Your instructions:
What is needed here is an exact copy of all the entries below.

[Dataset extract — start]

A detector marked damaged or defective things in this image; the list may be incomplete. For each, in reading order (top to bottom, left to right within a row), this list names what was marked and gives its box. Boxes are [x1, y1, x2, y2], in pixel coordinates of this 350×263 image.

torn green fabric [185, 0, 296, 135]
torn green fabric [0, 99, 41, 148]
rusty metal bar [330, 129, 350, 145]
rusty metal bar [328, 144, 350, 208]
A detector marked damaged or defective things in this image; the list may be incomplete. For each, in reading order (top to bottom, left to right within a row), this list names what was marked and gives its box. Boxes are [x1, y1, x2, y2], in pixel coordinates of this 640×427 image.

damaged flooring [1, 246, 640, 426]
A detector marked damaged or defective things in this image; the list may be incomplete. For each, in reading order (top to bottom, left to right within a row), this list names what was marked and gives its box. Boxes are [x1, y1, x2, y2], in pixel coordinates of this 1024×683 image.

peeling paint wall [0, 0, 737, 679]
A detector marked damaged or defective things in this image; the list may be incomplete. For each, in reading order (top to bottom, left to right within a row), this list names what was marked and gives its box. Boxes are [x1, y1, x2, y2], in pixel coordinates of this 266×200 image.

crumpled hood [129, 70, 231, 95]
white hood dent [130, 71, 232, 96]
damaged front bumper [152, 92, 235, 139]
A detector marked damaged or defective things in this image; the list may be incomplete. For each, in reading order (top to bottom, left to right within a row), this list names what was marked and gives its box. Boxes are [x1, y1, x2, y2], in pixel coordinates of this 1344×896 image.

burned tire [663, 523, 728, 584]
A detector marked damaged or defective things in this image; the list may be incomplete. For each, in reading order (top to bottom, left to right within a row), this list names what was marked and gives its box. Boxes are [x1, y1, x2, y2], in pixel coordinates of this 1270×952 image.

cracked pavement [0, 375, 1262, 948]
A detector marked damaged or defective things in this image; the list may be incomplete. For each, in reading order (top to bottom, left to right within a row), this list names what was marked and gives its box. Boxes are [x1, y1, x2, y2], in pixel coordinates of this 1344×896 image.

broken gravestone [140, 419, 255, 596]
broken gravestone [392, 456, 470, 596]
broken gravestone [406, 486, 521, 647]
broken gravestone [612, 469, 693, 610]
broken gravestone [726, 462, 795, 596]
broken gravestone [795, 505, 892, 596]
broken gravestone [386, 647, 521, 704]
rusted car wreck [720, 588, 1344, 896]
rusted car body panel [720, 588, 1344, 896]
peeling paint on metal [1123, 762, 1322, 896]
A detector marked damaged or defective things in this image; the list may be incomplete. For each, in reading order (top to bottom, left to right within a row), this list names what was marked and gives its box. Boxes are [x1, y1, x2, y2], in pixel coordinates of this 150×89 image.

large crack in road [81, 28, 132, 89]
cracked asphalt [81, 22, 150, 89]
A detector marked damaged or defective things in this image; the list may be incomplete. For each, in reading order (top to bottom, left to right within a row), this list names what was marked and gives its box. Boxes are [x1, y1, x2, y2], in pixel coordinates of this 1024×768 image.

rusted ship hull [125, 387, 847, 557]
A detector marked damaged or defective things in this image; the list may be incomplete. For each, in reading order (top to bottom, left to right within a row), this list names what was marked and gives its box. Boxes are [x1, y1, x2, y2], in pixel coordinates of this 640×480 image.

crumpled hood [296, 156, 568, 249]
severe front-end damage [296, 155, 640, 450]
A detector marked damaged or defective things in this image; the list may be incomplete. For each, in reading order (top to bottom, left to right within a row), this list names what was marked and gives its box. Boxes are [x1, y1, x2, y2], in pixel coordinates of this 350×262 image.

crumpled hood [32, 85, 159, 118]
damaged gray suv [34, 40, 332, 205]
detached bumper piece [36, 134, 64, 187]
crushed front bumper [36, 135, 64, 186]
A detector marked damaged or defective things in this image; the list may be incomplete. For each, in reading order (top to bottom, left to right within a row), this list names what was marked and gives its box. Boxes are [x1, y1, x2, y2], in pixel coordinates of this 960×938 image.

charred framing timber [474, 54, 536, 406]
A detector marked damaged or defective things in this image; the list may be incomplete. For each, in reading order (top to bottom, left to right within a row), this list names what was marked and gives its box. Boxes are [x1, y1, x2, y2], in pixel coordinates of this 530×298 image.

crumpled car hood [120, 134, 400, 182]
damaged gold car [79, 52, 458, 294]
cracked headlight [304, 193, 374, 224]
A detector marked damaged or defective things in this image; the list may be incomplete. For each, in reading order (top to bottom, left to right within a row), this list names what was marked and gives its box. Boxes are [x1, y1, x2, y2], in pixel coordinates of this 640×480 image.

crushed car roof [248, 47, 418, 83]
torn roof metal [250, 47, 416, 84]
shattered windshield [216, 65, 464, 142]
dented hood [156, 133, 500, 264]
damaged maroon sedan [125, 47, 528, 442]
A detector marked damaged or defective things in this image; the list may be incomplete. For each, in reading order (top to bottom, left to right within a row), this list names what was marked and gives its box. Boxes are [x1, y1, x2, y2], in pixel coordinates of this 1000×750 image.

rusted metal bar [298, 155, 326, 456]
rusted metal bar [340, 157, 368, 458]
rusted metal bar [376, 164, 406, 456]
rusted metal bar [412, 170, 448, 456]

[Dataset extract — finish]

Exercise answer:
A detector marked damaged or defective things in this image; the list may be incomplete. For each, in reading order (top to bottom, left to right within a row), this list names what was marked and gives its box. Boxes are [x1, y1, x2, y2], in pixel coordinates of this 350×263 image.

torn green fabric [185, 0, 296, 135]
torn green fabric [0, 99, 41, 148]
rusty metal bar [330, 129, 350, 145]
rusty metal bar [328, 144, 350, 208]
A detector marked damaged or defective things in this image; the list may be incomplete. For each, in reading order (top to bottom, left to right within a row), this list names what was marked and gives its box. Boxes are [x1, y1, x2, y2], in pixel coordinates of this 640×427 image.

damaged flooring [1, 246, 640, 426]
A detector marked damaged or defective things in this image; the list may be incomplete. For each, in reading order (top to bottom, left to right within a row), this list names what was marked and gives its box. Boxes are [x1, y1, x2, y2], in pixel coordinates of this 1024×683 image.

peeling paint wall [0, 0, 737, 679]
A detector marked damaged or defective things in this image; the list may be incomplete. For each, in reading order (top to bottom, left to right within a row), this list names what was marked and gives its box. Boxes are [x1, y1, x2, y2], in pixel coordinates of this 266×200 image.

crumpled hood [129, 70, 231, 95]
white hood dent [130, 71, 232, 96]
damaged front bumper [152, 92, 235, 139]
A detector marked damaged or defective things in this image; the list may be incomplete. For each, in reading order (top to bottom, left to right within a row), this list names what was marked and gives its box. Boxes are [x1, y1, x2, y2], in pixel coordinates of this 1344×896 image.

burned tire [663, 523, 728, 584]
A detector marked damaged or defective things in this image; the list may be incomplete. For each, in reading order (top to bottom, left to right within a row), this list names what was marked and gives its box. Boxes are [x1, y1, x2, y2], in pixel coordinates of this 1270×952 image.

cracked pavement [0, 375, 1262, 948]
A detector marked damaged or defective things in this image; the list may be incomplete. For each, in reading order (top to bottom, left to right within a row), this list names what was marked and gives its box. Boxes are [x1, y1, x2, y2], in pixel coordinates of this 1344×896 image.

broken gravestone [140, 419, 255, 596]
broken gravestone [392, 456, 470, 596]
broken gravestone [406, 486, 521, 647]
broken gravestone [612, 469, 693, 610]
broken gravestone [726, 462, 795, 596]
broken gravestone [795, 505, 892, 596]
broken gravestone [386, 647, 521, 704]
rusted car wreck [720, 588, 1344, 896]
rusted car body panel [720, 588, 1344, 896]
peeling paint on metal [1123, 762, 1322, 896]
A detector marked damaged or defective things in this image; the list may be incomplete. For each, in reading order (top to bottom, left to right within a row), this list names what was marked and gives its box. Boxes are [x1, y1, x2, y2], in pixel coordinates of this 150×89 image.

large crack in road [81, 28, 132, 89]
cracked asphalt [81, 22, 150, 89]
A detector marked damaged or defective things in this image; the list may be incomplete. For each, in reading order (top to bottom, left to right within a row), this list names what was marked and gives its box. Boxes are [x1, y1, x2, y2], in pixel coordinates of this 1024×768 image.

rusted ship hull [125, 387, 847, 557]
A detector marked damaged or defective things in this image; the list may be incomplete. For each, in reading order (top to bottom, left to right within a row), this list names what was marked and gives its box. Boxes are [x1, y1, x2, y2], in pixel coordinates of this 640×480 image.

crumpled hood [296, 156, 568, 249]
severe front-end damage [296, 155, 640, 450]
A detector marked damaged or defective things in this image; the list may be incomplete. For each, in reading order (top to bottom, left to right within a row), this list names what was marked and gives its box. Boxes are [x1, y1, x2, y2], in pixel coordinates of this 350×262 image.

crumpled hood [32, 85, 159, 118]
damaged gray suv [34, 40, 332, 205]
detached bumper piece [36, 134, 64, 187]
crushed front bumper [36, 135, 64, 186]
A detector marked damaged or defective things in this image; the list may be incomplete. For each, in reading order (top to bottom, left to right within a row), this list names what was marked and gives its box. Boxes are [x1, y1, x2, y2], in pixel coordinates of this 960×938 image.

charred framing timber [474, 54, 536, 406]
A detector marked damaged or defective things in this image; the list may be incomplete. For each, in reading order (top to bottom, left to right within a row), this list names what was marked and gives its box. Boxes are [x1, y1, x2, y2], in pixel coordinates of this 530×298 image.

crumpled car hood [120, 134, 400, 182]
damaged gold car [79, 52, 458, 294]
cracked headlight [304, 193, 374, 224]
A detector marked damaged or defective things in this image; the list may be incomplete. For each, in reading order (top to bottom, left to right within a row), this list names what was marked and gives its box. Boxes are [x1, y1, x2, y2], in pixel coordinates of this 640×480 image.

crushed car roof [248, 47, 418, 83]
torn roof metal [250, 47, 416, 84]
shattered windshield [216, 65, 464, 142]
dented hood [156, 133, 500, 264]
damaged maroon sedan [125, 47, 528, 442]
A detector marked damaged or defective things in this image; the list may be incomplete. For each, in reading order (top to bottom, left to right within a row), this list names what was marked and gives its box. Boxes are [x1, y1, x2, y2], in pixel coordinates of this 1000×750 image.

rusted metal bar [298, 155, 326, 456]
rusted metal bar [340, 157, 368, 458]
rusted metal bar [376, 164, 406, 456]
rusted metal bar [412, 170, 448, 456]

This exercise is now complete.